**Action item**
Exactly and only the lines below from the one containing "5 bedroom terraced" down to the one containing "UAS dicekal masuk" are wanted, both included; please exclude every picture.

**Data under study**
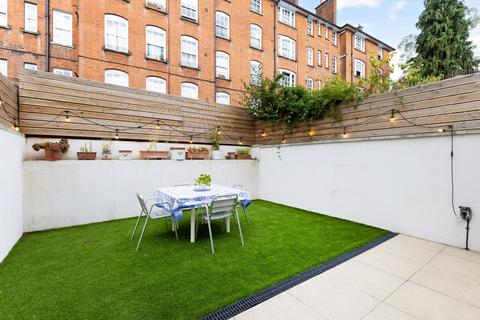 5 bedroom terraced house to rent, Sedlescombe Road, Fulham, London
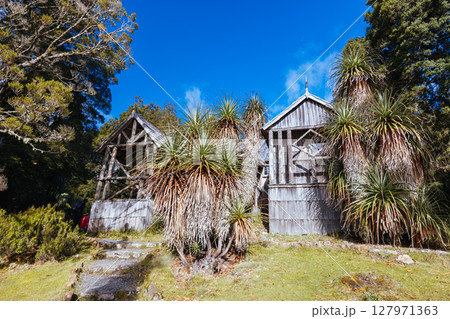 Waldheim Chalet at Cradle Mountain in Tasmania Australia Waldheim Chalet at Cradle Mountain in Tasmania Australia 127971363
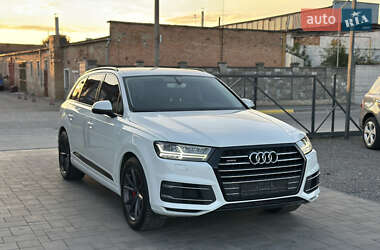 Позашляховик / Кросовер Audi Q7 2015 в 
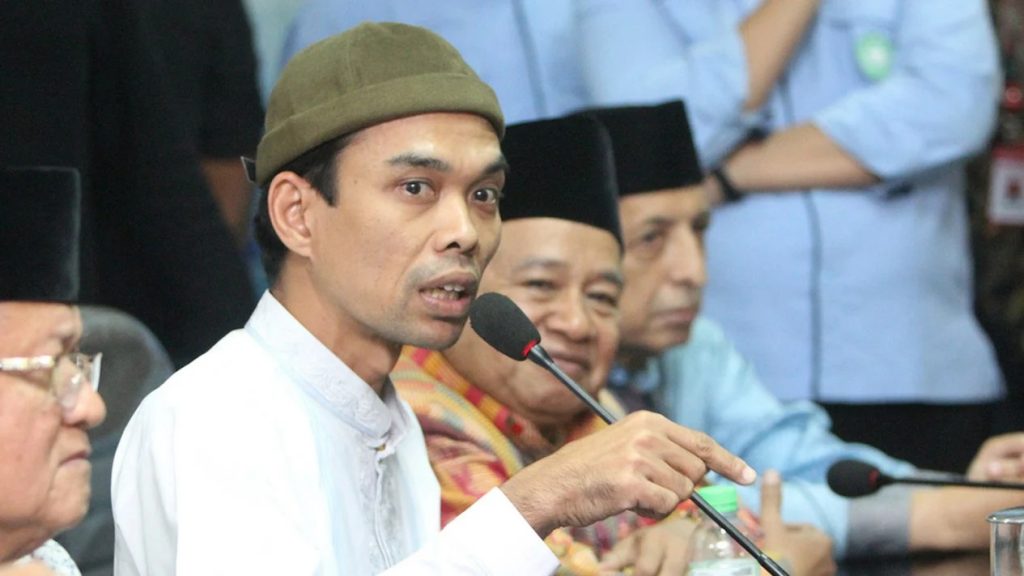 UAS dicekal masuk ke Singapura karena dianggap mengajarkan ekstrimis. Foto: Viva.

* * *

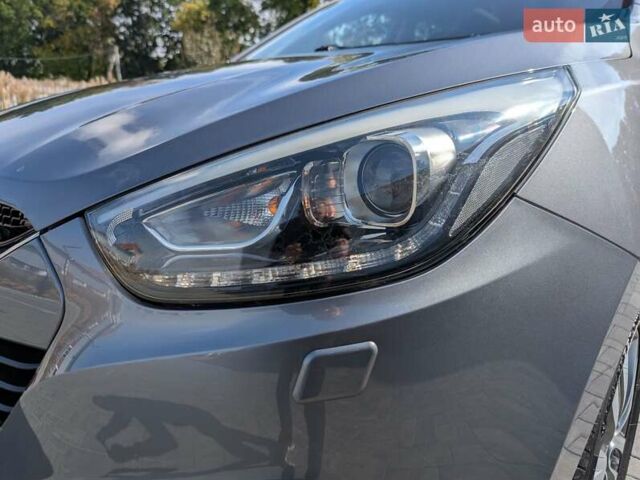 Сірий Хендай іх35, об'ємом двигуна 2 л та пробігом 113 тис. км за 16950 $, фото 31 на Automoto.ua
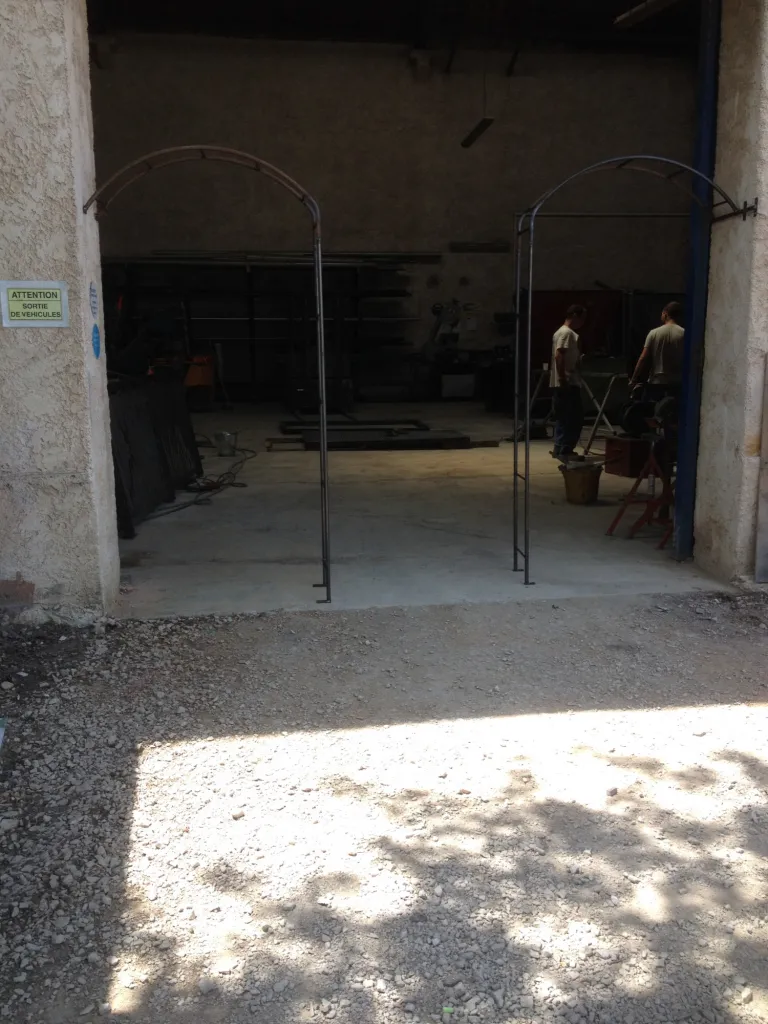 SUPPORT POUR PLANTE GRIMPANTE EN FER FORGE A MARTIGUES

**Exercise response**
 5 bedroom terraced house to rent, Sedlescombe Road, Fulham, London
 Waldheim Chalet at Cradle Mountain in Tasmania Australia Waldheim Chalet at Cradle Mountain in Tasmania Australia 127971363
 Позашляховик / Кросовер Audi Q7 2015 в 
 UAS dicekal masuk ke Singapura karena dianggap mengajarkan ekstrimis. Foto: Viva.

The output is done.